Perfekter Lebensraum für Rehwild

Nun ja, der Eimer wandert wieder zurück in die Scheune, und wir fahren weiter zu einem rechteckigen Waldstück mit herrlich großen, alten Bäumen und riesigen Rhododendronhainen. Mittendurch fließt ein idyllisches Bächlein. An der Südseite grenzen Felder und Wiesen. Kurzum: rein optisch betrachtet ein perfekter Lebensraum für Rehwild. Wir pirschen durch den Wald, begleitet von einem wahren Konzert aus Vogelgezwitscher. Am Waldende angekommen, pirschen wir weiter an dessen Rand entlang in Richtung einer herrlichen Wiese. Plötzlich vernehmen wir ein abspringendes Stück Rehwild. Bock oder Ricke? Doch die Frage klärte sich, weil es ins Freie kommt und uns anäugt – Bock! Blitzschnell reißt Palle die Büchse von der Schulter, bringt den Schießstock in Position und backt an. „Noch jung“, so Rods einziger Kommentar. Freund Palle nimmt die Waffe wieder herunter und entspannt sich. Das quittiert das Böcklein mit schreckendem Abspringen.

Weiter geht’s auf der Bockjagd in England

Weiter geht’s. Als wir am anderen Ende der Wiese ankommen, sehen wir, wie ein Stück Rehwild aus dem Wald tritt. Weiblich! Da, noch ein Stück! Sechser! Er hat hoch auf. Sofort ist klar: Der passt! Wir gehen in die Downlage und robben 30, 40 Meter bis an den Rand des Waldes. Hier geht Palle in Anschlag, und kurz bevor der Bock wieder zu Holze sieht, lässt Palle fliegen. Deutlich zeichnend wirft sich der Bock herum, flüchtet im Halbkreis auf die Wiese hinaus, um nach etwa 40 Meter verendet zusammenzubrechen. Puh! Doch nicht genug. Fast im selben Moment tritt ein paar hundert Meter weiter ein noch stärkerer Sechser in die Wiese. Sofort nimmt Rod Palle an die Hand, um auch diesen anzugehen. Nach knapp 300 Meter Pirsch kommt Palle in gute Schussposition und kann auch diesen Bock erlegen.

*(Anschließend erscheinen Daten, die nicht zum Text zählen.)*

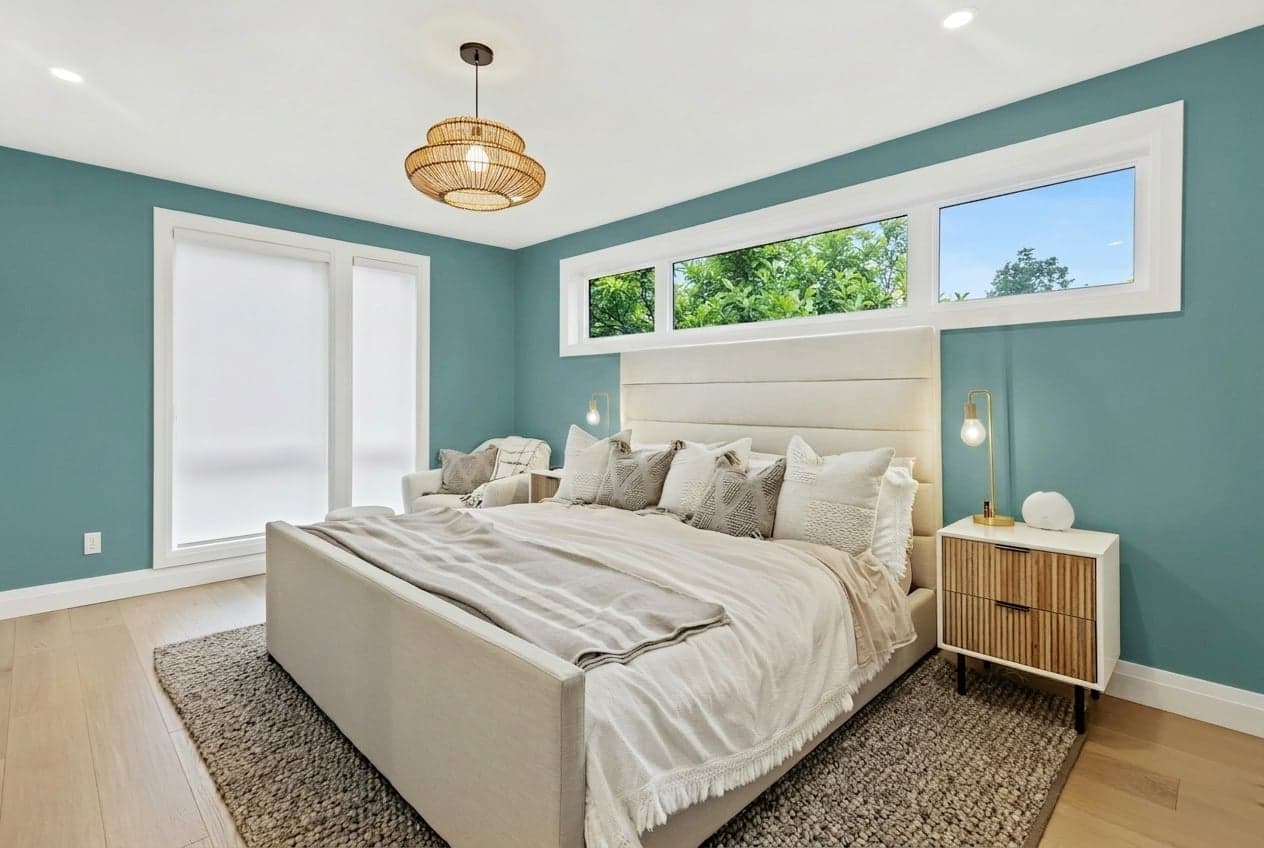 Room with walls painted in Tranquil Seashore DET542 by Dunn-Edwards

Zwar ist keiner der Sechser ein Medaillenbock, aber stark sind sie beide. Und dementsprechend groß ist unsere Freude über dieses gleich doppelte Waidmannsheil.

© Max Steinar

Eine Silbermedaille glänzt in der Sonne

Nun bin ich an der Reihe, meinen Dorsetbock auf der Bockjagd in England zu erlegen. Mein Führer, Jason, ist angenehm und jagdlich sehr kompetent. Er hat von einigen Bauern insgesamt etwa 500 Morgen gepachtet. Ein reines Feldrevier. Allerdings mit wenig Ausblick, weil jedes Feldchen von einer großen, breiten Hecke umgeben ist. Ein Rehwildrevier, wie man es sich besser nicht vorstellen kann. Jason erzählt, dass er 2.000 Pfund an Pacht zahlt. Wenn ich einen Goldmedaillenbock erlegen werde, kostet dieser 700 Pfund – egal wie stark er ist. Jason sagt, dass einige seiner Jagdgäste hier jedes Jahr Goldmedaillenböcke erlegen. Der Rekord war ein Bock bei 221,6 CIC-Punkten! Mit diesen Informationen im Kopf steigt die Vorfreude ins nahezu Unermessliche. Wir pirschen entlang einer dieser zahlreichen Hecken. Am Ende angekommen, sind meine wasserdichten Stiefel voller Wasser. Derart stark hat es über Nacht getaut.

Ein anderes Feld

Wir kommen zu einem anderen Feld. Doch nur ein gewisser Teil von diesem kann eingesehen werden. Um auch den Rest der mit Kräutern bestandenen Wiese in Augenschein nehmen zu können, müssen wir um eine Heckenecke schauen. Und gut, das wir das gemacht haben. Denn hier kommt ein Bock in Anblick, bei dem wir bereits ohne Fernglas erkennen, dass er stark ist. Ich schaffe es gerade noch, zwei Fotos vom Bock zu schießen, bevor er sich niedertut. Wir robben, Jason voran, bis auf 100 Meter an den Gehörnten heran. Der Plan ist, dass wir beide aufstehen und ich auf Jasons Schulter auflege. Gesagt, getan! Das Haupt des Bocks ragt aus dem Bewuchs. Und nun? Jason schreit ihn an – nichts passiert. Noch einmal ruft er, und noch mal – nichts. Nun klatscht Jason in die Hände und schreit. Und plötzlich wird der Begehrte hoch und äugt scheibenbreit zu uns herüber. Sofort bahnt die .22-250 sich ihren Weg und lässt den Starken schlagartig zusammenbrechen. Die Bewertung des harmonischen Gehörns ergibt 119,2 CIC-Punkte – Silber!

© Max Steinar

Das englische Rehwild

Das Rehwild in England hat eine wechselvolle Geschichte. Zu Beginn des 18. Jahrhunderts war es in Großbritannien fast ausgerottet, abgesehen von einer kleinen Population in Schottland. Um 1850 wurde Rehwild aus Frankreich und Schottland im Zentrum von Dorset wieder angesiedelt. Von hier aus verbreitete es sich langsam über den südlichen Inselbereich. Aus Schottland kommend, ist das Rehwild nach Süden bis nach Blackpool und Liverpool vorgedrungen. Es gibt noch einen kleinen rehwildlosen Bereich in der Mitte Englands; es ist aber anzunehmen, dass das nördliche mit dem südlichen Vorkommen bald zusammenwachsen wird.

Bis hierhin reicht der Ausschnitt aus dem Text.